The famous design has been parodied many times, as well, such as the Periodic Table of Cocktails or the PURRiodic table of internet cats. Not every parody follows the basic rules of the original, though.
An organised system
The periodic table is not just a random selection of blocks with abbreviated element names on it. The power of the table is in organising the elements by their atomic properties. When Mendeleev entered all the known elements in his table, he could tell from the gaps that some elements were missing. This is how he was able to predict the existence of Germanium.

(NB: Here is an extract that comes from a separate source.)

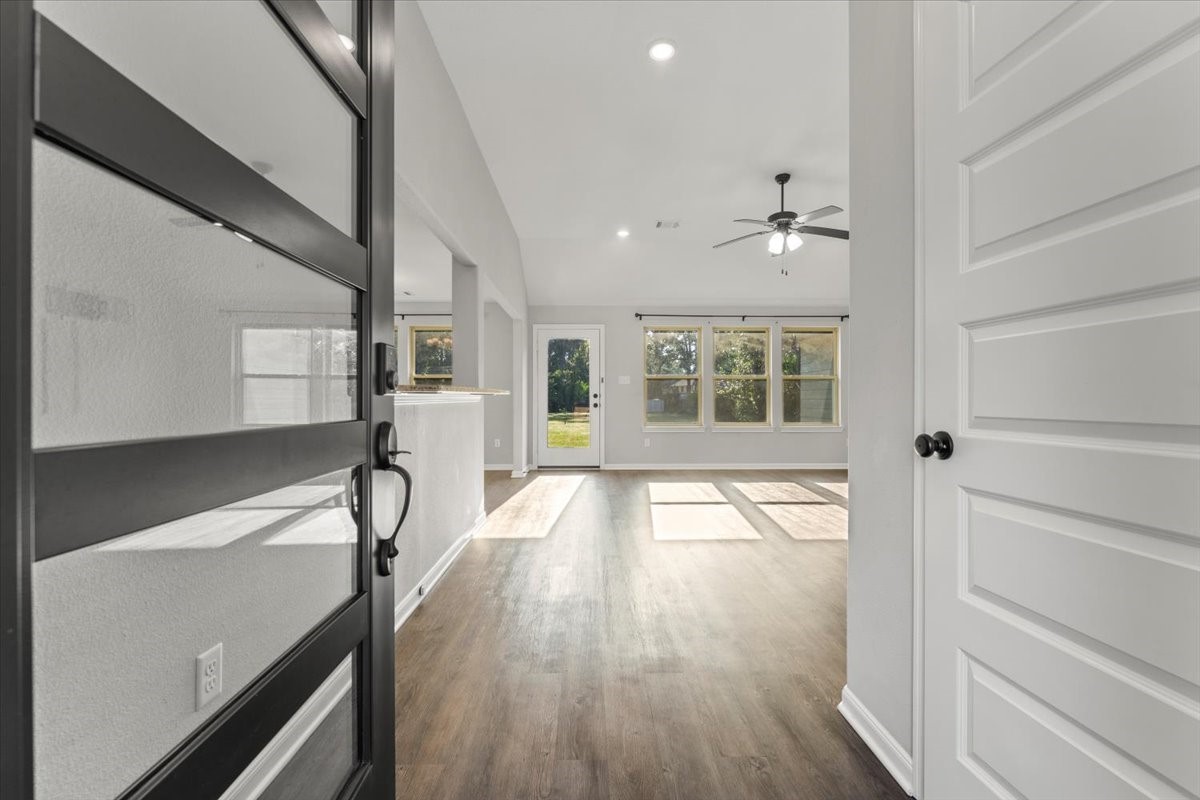 17855 Arbor Oaks Circle New Caney, TX 77357 - Photo 7 of 26 a view of an entryway with wooden floor and a window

The Periodic Table organises the elements in a way that shows an increase in atomic number as you go from left to right. (Although Mendeleev originally created it flipped by 90 degrees). For every new electron shell, a new row (or “period”) is started, so every element in the first column (or “group”) has one electron in the outer shell. Because the innermost electron shells have room for fewer electrons than the ones around it, the periods get larger as they go down, with part of the Periodic Table not even fitting properly inside it.
Alternatives to the Periodic Table
It’s a useful organisation system for chemists, but it’s not perfect for everyone, so over the years some people have developed alternative Periodic Tables that worked better for their own needs.
Left-step periodic table
The left-step periodic table, invented by Charles Janet in 1928, moves the groups around so that hydrogen and helium are next to each other at the far end of the table. It also moved the lanthinides and actinides into the main table. This layout is more informative when it comes to seeing which electron shells are filled and in which order. Rather than grouping by chemical properties, it’s sorted by the kind of information more relevant to physicists.
Left-step periodic table via Wikipedia
Theodor Benfey published the periodic snail in 1964. It organises the elements in a spiral shape, and brings the lanthanides and actinides into the fold as well.
James Franklin Hyde created this colourful curled ribbon periodic table in 1975 to draw more attention to the elements that were most important to him as an organosilicon chemist: Carbon and silicon.
Two of the tables above are spirals, and several other people have created circular periodic tables. These all show the periodicity of the elements more clearly than the traditional table does. After all, Mendeleev’s choice to start a new line for every new electron shell was just an arbitrary decision. These circular tables don’t start new lines, but just wrap around.
You can see a few more alternative tables on Wikipedia, but many of them are rarely used. Mendeleev’s original version suits most people, and is relatively easy to read. And after 150 years, we can safely say it has withstood the test of time!